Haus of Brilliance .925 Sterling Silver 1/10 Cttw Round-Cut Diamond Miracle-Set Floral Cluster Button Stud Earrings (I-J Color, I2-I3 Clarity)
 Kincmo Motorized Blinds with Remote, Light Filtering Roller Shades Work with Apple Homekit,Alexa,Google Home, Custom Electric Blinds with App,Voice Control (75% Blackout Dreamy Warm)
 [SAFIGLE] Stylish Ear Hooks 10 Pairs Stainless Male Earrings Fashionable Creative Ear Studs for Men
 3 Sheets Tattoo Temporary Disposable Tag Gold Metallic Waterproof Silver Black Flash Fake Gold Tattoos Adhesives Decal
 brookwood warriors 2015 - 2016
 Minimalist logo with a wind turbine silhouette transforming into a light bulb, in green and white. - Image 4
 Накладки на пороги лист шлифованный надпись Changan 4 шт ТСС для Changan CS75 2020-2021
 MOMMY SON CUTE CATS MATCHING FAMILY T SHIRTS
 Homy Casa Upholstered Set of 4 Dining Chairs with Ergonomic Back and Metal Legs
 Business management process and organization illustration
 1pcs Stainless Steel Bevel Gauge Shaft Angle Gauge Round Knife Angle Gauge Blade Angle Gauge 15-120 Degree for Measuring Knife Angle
#####
Copy the lines above exactly, beginning at the line that has "Minimalist logo with" and stopping after the line that has "Business management process", and omit the rest.

▶ _Solution to this exercise_
 Minimalist logo with a wind turbine silhouette transforming into a light bulb, in green and white. - Image 4
 Накладки на пороги лист шлифованный надпись Changan 4 шт ТСС для Changan CS75 2020-2021
 MOMMY SON CUTE CATS MATCHING FAMILY T SHIRTS
 Homy Casa Upholstered Set of 4 Dining Chairs with Ergonomic Back and Metal Legs
 Business management process and organization illustration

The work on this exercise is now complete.